After the discovery of the Fractional Quantum Hall effect, more and more bizarre phases of matter that cannot be described by the Landau-Ginzburg symmetry-breaking paradigm were found. Instead of normal order parameters, these phases are characterized by robust ground state degeneracy, nontrivial particle statistics, and gapless edge excitations. These properties are robust to small Hamiltonian deformations, making them a potential candidate for fault-tolerant quantum computation.

While multiple exact solvable microscopic Hamiltonians realize the nontrivial topological phase, the inverse problem—i.e., determining the topological phase from the microscopic Hamiltonian—is extremely challenging. Many existing methods are based on the belief that the ground state alone encodes all the information regarding the topological order. A well-known example is that: on a torus, the ground state degeneracy equals the kinds of point-wise excitation of the system.

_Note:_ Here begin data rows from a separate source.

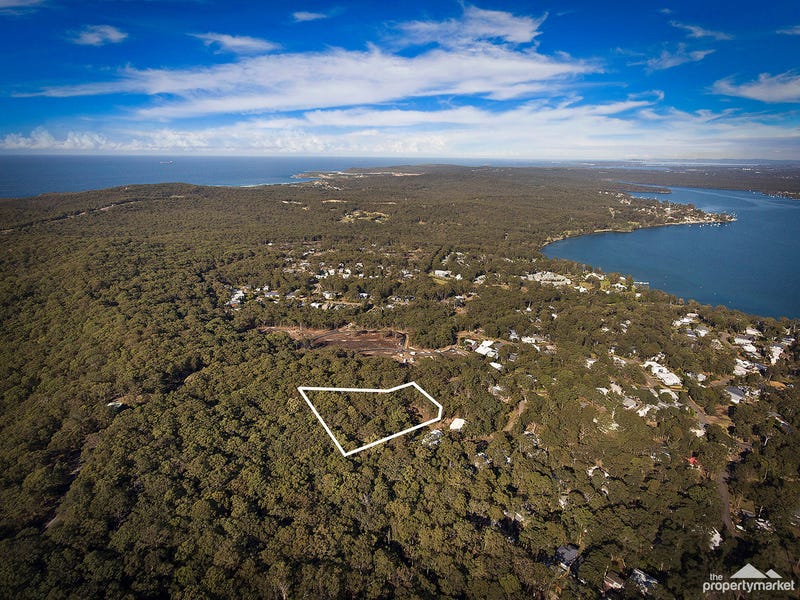 12 Lake Ridge Lane, Murrays Beach, NSW 2281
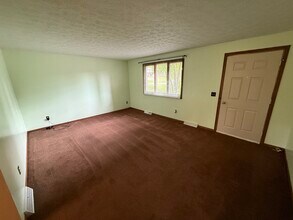 1208 Carnwise St SW, Unit 1208 in Canton, OH - Building Photo - Building Photo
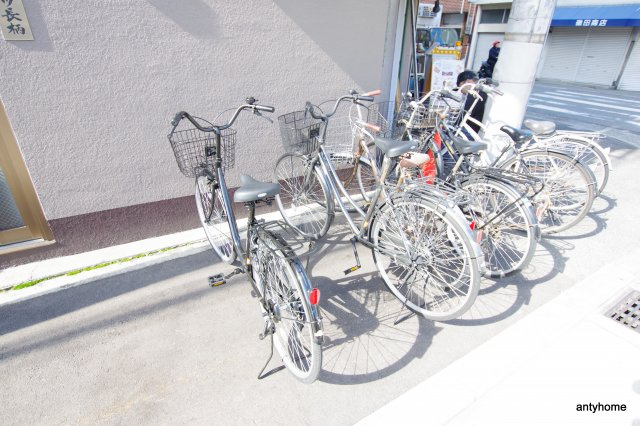 サンスリーハイツ長柄　仲介手数料無料の駐車場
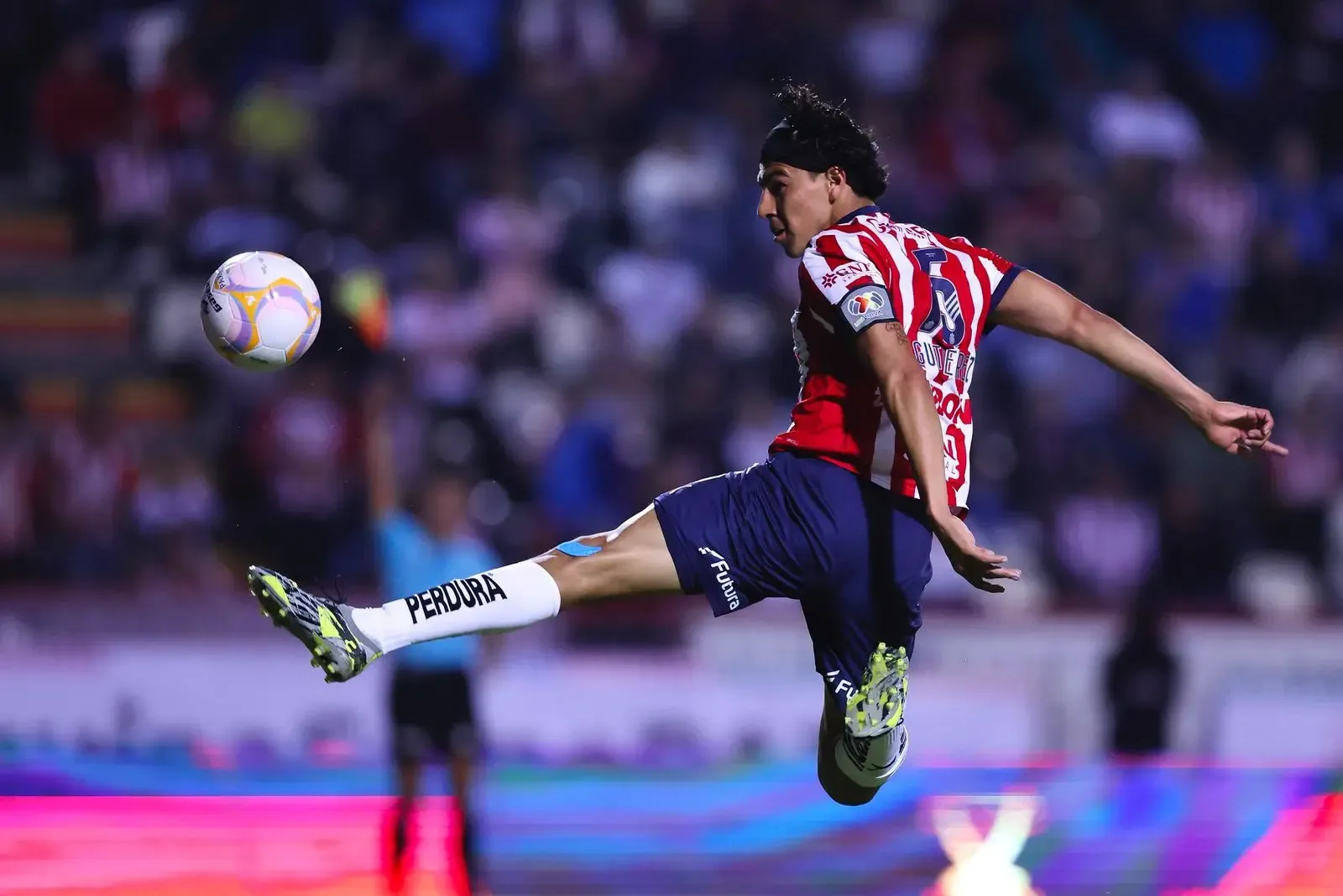 "Erick Gutiérrez en un entrenamiento con el equipo de Chivas."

To extract more information from ground states, we can take other operations, such as the overlap of states. Xiaogang Wen first proposes obtaining the topological data from the overlap of ground-state wavefunctions. However, his argument relies on a continuous deformation in the moduli space (i.e., torus geometry) and is rather impractical to implement in a lattice system.

We addressed this issue by explicitly constructing operators associated with the physical process and carefully keeping track of the unnecessary phases related to physical/lattice systems. By consistently arranging the phases along every simple loop on the torus, we successfully justified Wen’s results in a lattice system.